1856. T. Hughes, Tom Brown’s School Days, pt. 1, ch. iii. Two boys, who stopped close by him, and one of whom, a fat gaby of a fellow, pointed at him and called him young ‘mammy-sick.’
1859. H. Kingsley, Geoffrey Hamlyn, ch. ix. Don’t stand laughing there like a great gaby.
1875. Ouida, Signa, vol. I., ch. iv., p. 47. ‘You have never dried your clothes, Bruno,’ said his sister-in-law, ‘What a gaby a man is without a wife!’
Gad, subs. (common).—An idle slattern. An abbreviation of gad-about (q.v.).
Intj. (common).—An abbreviation of by Gad! Cf.
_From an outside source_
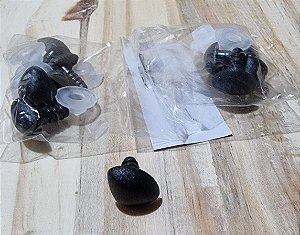 NARIZ COM TRAVA PRETO - TAMANHO 1,5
Agad, Egad—themselves corruptions of by God, Lit.
On the gad, adv. phr. (old).—1. On the spur of the moment.
1605. Shakspeare, Lear, i., 2. All this is done upon the gad.
2. (colloquial).—On the move, on the gossip.
1818. Austen, Persuasion. I have no very good opinion of Mrs. Charles’ nursery maid.… She is always upon the gad. [[96]]
3. (colloquial).—On the spree (especially of women); and, by implication, on the town.